DFS解决POJ 2386

Description

Due to recent rains, water has pooled in various places in Farmer John's field, which is represented by a rectangle of N x M (1 <= N <= 100; 1 <= M <= 100) squares. Each square contains either water ('W') or dry land ('.'). Farmer John would like to figure out how many ponds have formed in his field. A pond is a connected set of squares with water in them, where a square is considered adjacent to all eight of its neighbors. 

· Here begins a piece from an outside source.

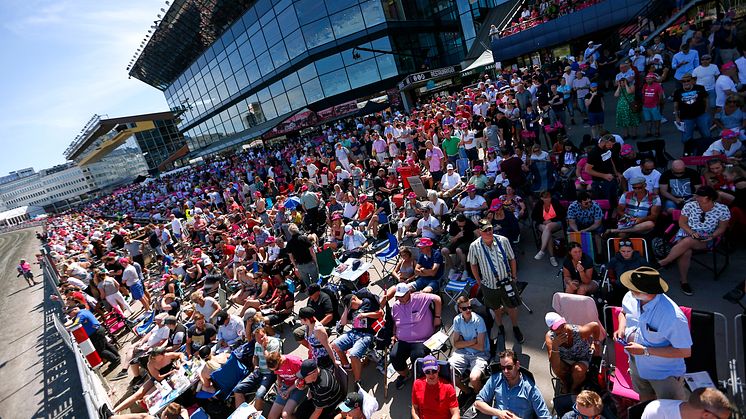 Elitloppet publik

Given a diagram of Farmer John's field, determine how many ponds he has.

Input

* Line 1: Two space-separated integers: N and M 

* Lines 2..N+1: M characters per line representing one row of Farmer John's field. Each character is either 'W' or '.'. The characters do not have spaces between them.

Output

* Line 1: The number of ponds in Farmer John's field.

Sample Input

10 12
W........WW.
.WWW.....WWW
....WW...WW.
.........WW.
.........W..
..W......W..
.W.W.....WW.
W.W.W.....W.
.W.W......W.
..W.......W.

Sample Output

3

#include <stdio.h>
char M[101][101];
int Used[101][101];
int direction[8][2]={{-1,-1},{-1,0},{-1,1},{0,-1},{0,1},{1,-1},{1,0},{1,1}};
int i,j,p;
int col,row;
int iCount=0;

void DFS(int x,int y)
{
	int k;
	for(k=0;k<8;k++)
	{
		int tx= x+direction[k][0];
		int ty= y+direction[k][1];
		if(tx >= 0 && tx < row && ty >= 0 && ty < col && M[tx][ty] == 'W' && Used[tx][ty]==0)
		{
				Used[tx][ty]=1;
				DFS(tx,ty);
		}
	}
}

int main()
{

	scanf("%d%d",&row,&col);
	for(i=0;i<row;i++)
		scanf("%s",M[i]);
	for(i=0;i<row;i++)
	{
		for(j=0;j<col;j++)
		{
			if(M[i][j]=='W' && Used[i][j] == 0)
			{
					Used[i][j]=1;  //将其本身赋为已访问过(注意:这一点容易被忽略)
					DFS(i,j);
					iCount++;
			}
		}
	}
	printf("%d\n",iCount);
}